Panning - Vertically and horizontally in a straight line

This technique works well where there are lines in the composition, it's natural to move the camera in the same direction as the lines.

Poplars - ISO100 | F29 | "1 | at 100mm No filters

This was a vertical pan of reflected poplar trees at Brandon Nature Reserve.  I used the small aperture of F29 to get a long exposure of 1 second.

Surf Pan - ISO50 | F64 | 1/8 | at 400mm No filters

This was a horizontal pan of the wave crashing onto the shoreline - In this example I moved the camera from left to right at the same time as taking the photo, trying to ensure that my horizontal movement was at the same pace as the incoming wave.

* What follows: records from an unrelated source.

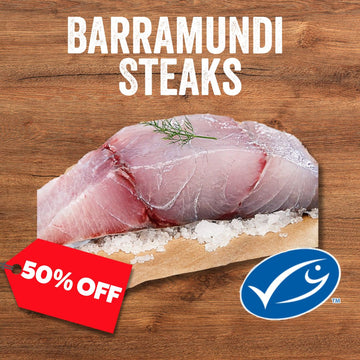 50% Off - Frozen Australian Barramundi Steaks (1Kg Pack)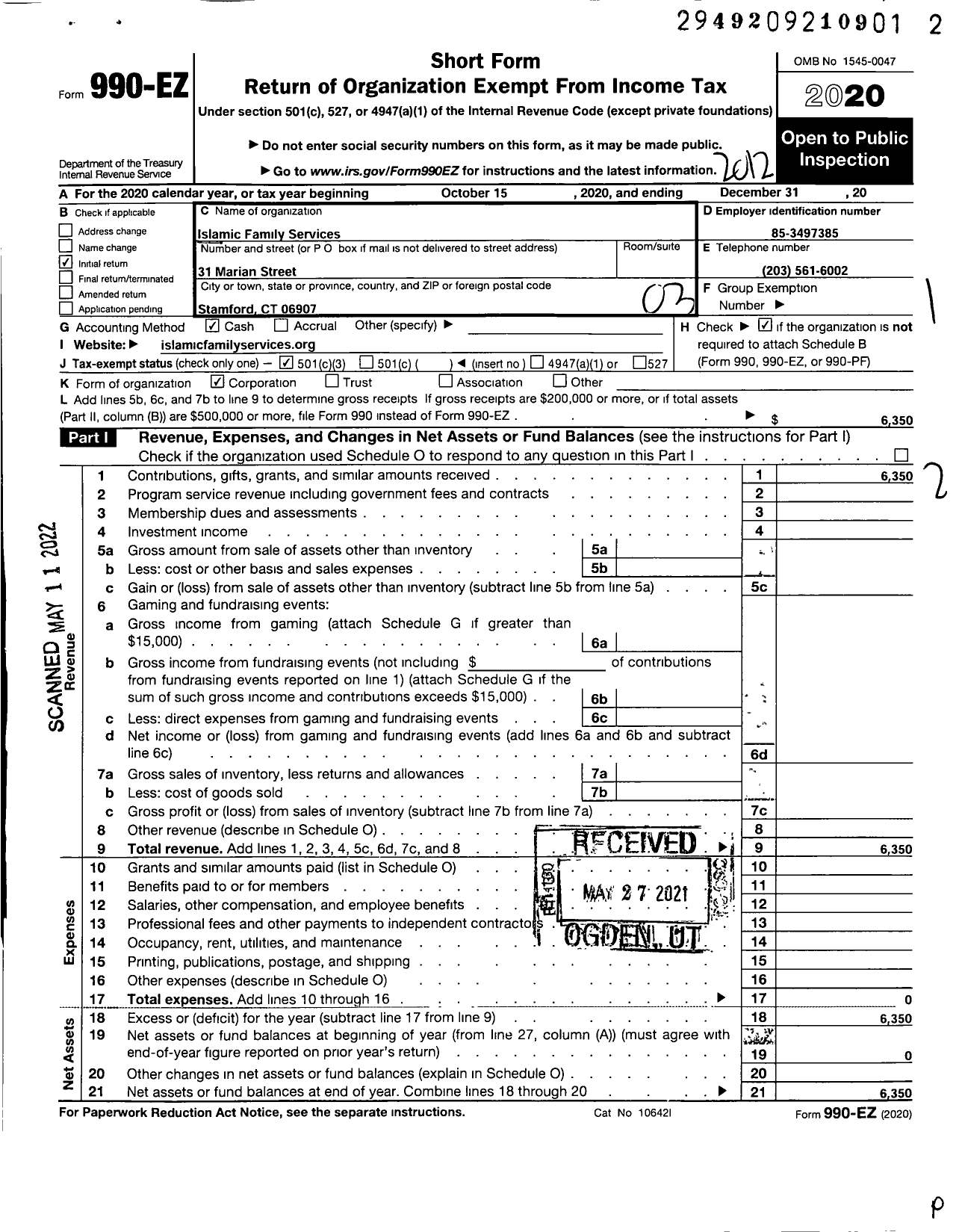 Image of first page of 2020 Form 990EZ for Islamic Family Services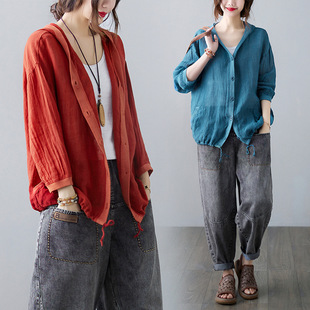 2024 Summer Thin Coat Vintage Cotton and Linen Mid-length Cardigan Women's Loose Artistic Air-conditioning Shirt Sunscreen Outer Wear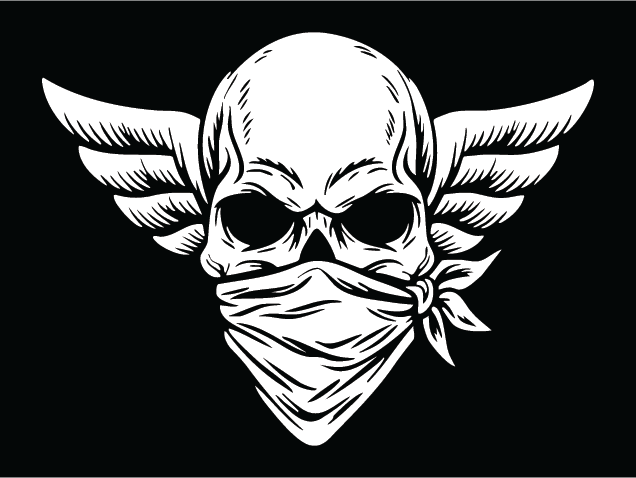 Winged Skull with Bandana mask Free SVG File for Members – Biker Skull Clipart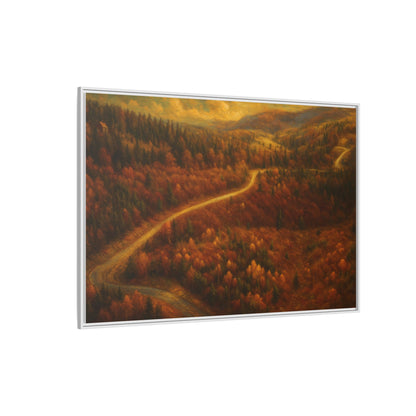 Autumn Landscape Framed Canvas Art, Cozy Home Decor, Warm Fall Vibes, Gift for Nature Lovers, Perfect for Thanksgiving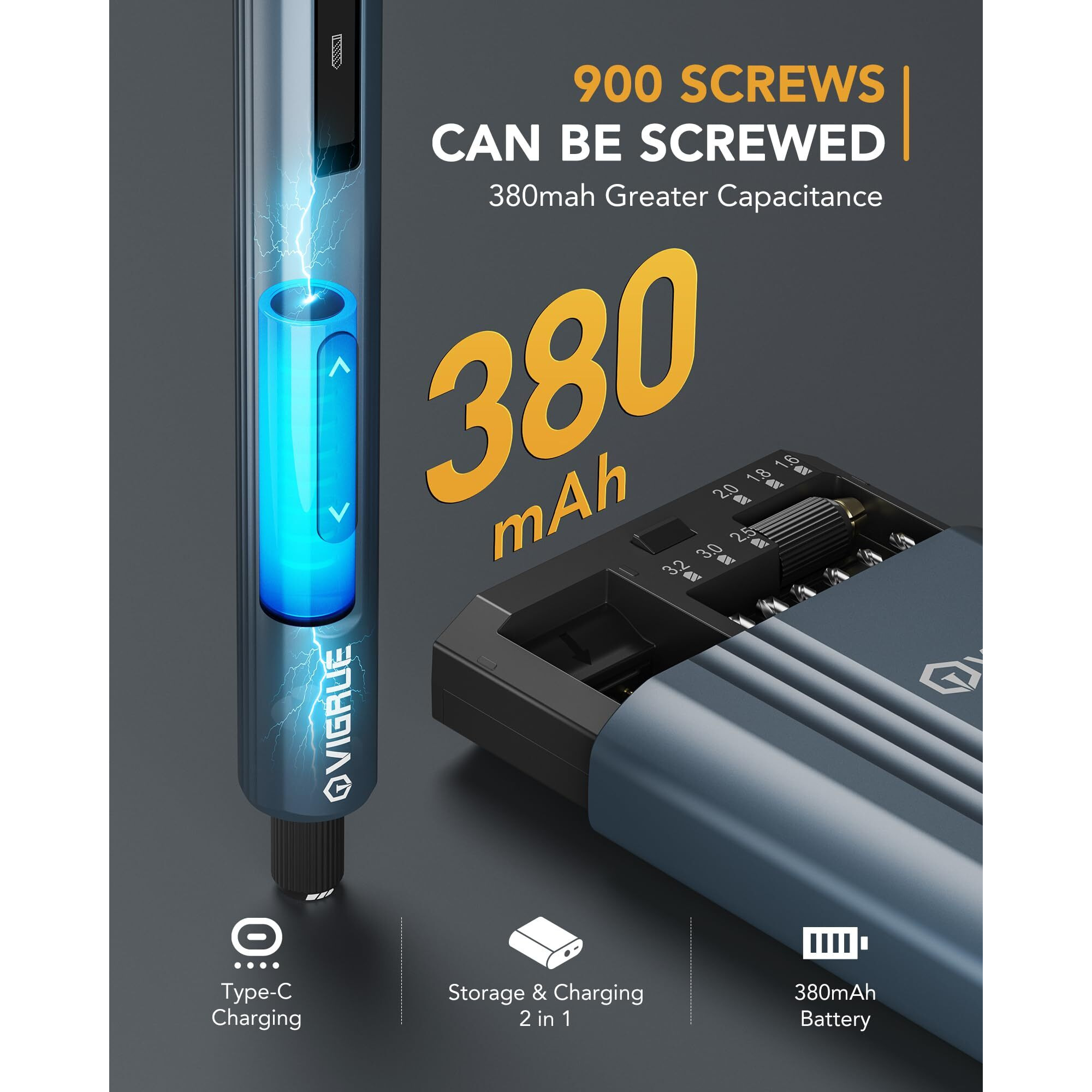 Vigrue Electric Screwdriver, 400Rpm Precision Screwdriver | Mini Electric Drill 2 In 1 Tool Set, 5 Torque Settings 48 Magnetic Bits, Power Screwdriver Cordless For Phones Watch Jewelers Laptops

Random movement of the camera

It's not just a case of simply jiggling the camera around, though essentially that is what you are doing; you'll need to experiment with how much "jiggling" works and for how long to jiggle for.  

Simpler compositions seem to produce better results with this technique as it's easier to still identify subjects and contrast without it just looking like you dropped the camera.

Play around with how much movement and for how long you move the camera too.  For example you could go for a 5 second exposure and not move the camera for the first 4 seconds of the exposure and just the last second.

Fern Arch - ISO100 | F22 | 0.7 | at 200mm

Fern Arch - ISO100 | F22 | 0.7 | at 200mm

Chris Friel and Doug Chinnery use these techniques really well among others, so do some research and look at their work for ideas and inspiration but remember ultimately decide on how much works for you.

Multiple Exposure

Whilst not strictly movement there is of course movement because the image is blended from more than one exposure each time moving the camera to adjust the composition.  Valda Bailey and Chris Friel are, in my view, the masters of this technique.  Valda really uses colour and texture to emphasise her compositions, often abstract but usually intriguing to the viewer.

This technique requires a camera body that automatically allows for multiple exposures otherwise you will need to just do your own blending of single exposures in photoshop.

It may seem random but am I am sure if you study Valda's work then you will see it is anything but random.  Clearly it takes a lot of practise and careful understanding of your subjects to make this work well.

One of my early attempts at multiple exposure, of a wild meadow and then over layed with a water reflection.

Woodland Arch - ISO200 | F13 | 0.7 | at 70mm & ISO200 | F16 | 1/30 | at 70mm

In this image I took two exposures.  The first was a straight sharp shot of everything the second a vertical pan shot.  The two two exposures were then blended with masks in Photoshop to keep the foreground tree trunks from the sharp image and the background trunks from the panned image.

Radial Blur/Movement

Finally but no means least is moving the zoom ring on the camera.  Either forwards into the frame or backwards out of the frame.  Both have a radial zoom effect in your image and it's something most beginner's try a few times for a "novel" effect but then quickly move on.

Tree Zoom - ISO100 | F22 | 0.6 | Zoom burst 16 to 35mm

I hope this gives you a few ideas and shows just how much opportunity there is to use movement in photography.  There are always plenty of opinions to be heard about what works and doesn't but ultimately you are the only judge of your image.

I heard a quote a while ago (can't recall where and who) that echoed my approach to photography - "photography should mirror your feelings, abstracted from reality, excised from context and made to be restaged in a theatre of just one.  The theatre, the author's mind and heart but a safe place to play out the scene knowing the curtain can fall anytime to end the performance."

In our world of constant scrutinisation and examination of technique and method it's often easy to forget why we got into photography in the first place.  That basic enjoyment we get from experimentation and making images that appeal to all parts of our personality are surely one of the great things about this art.  So go out there with your camera, play and have fun with it and don't worry whether it conforms to how images should be made - you will find the right balance for you right now and that's all that matters.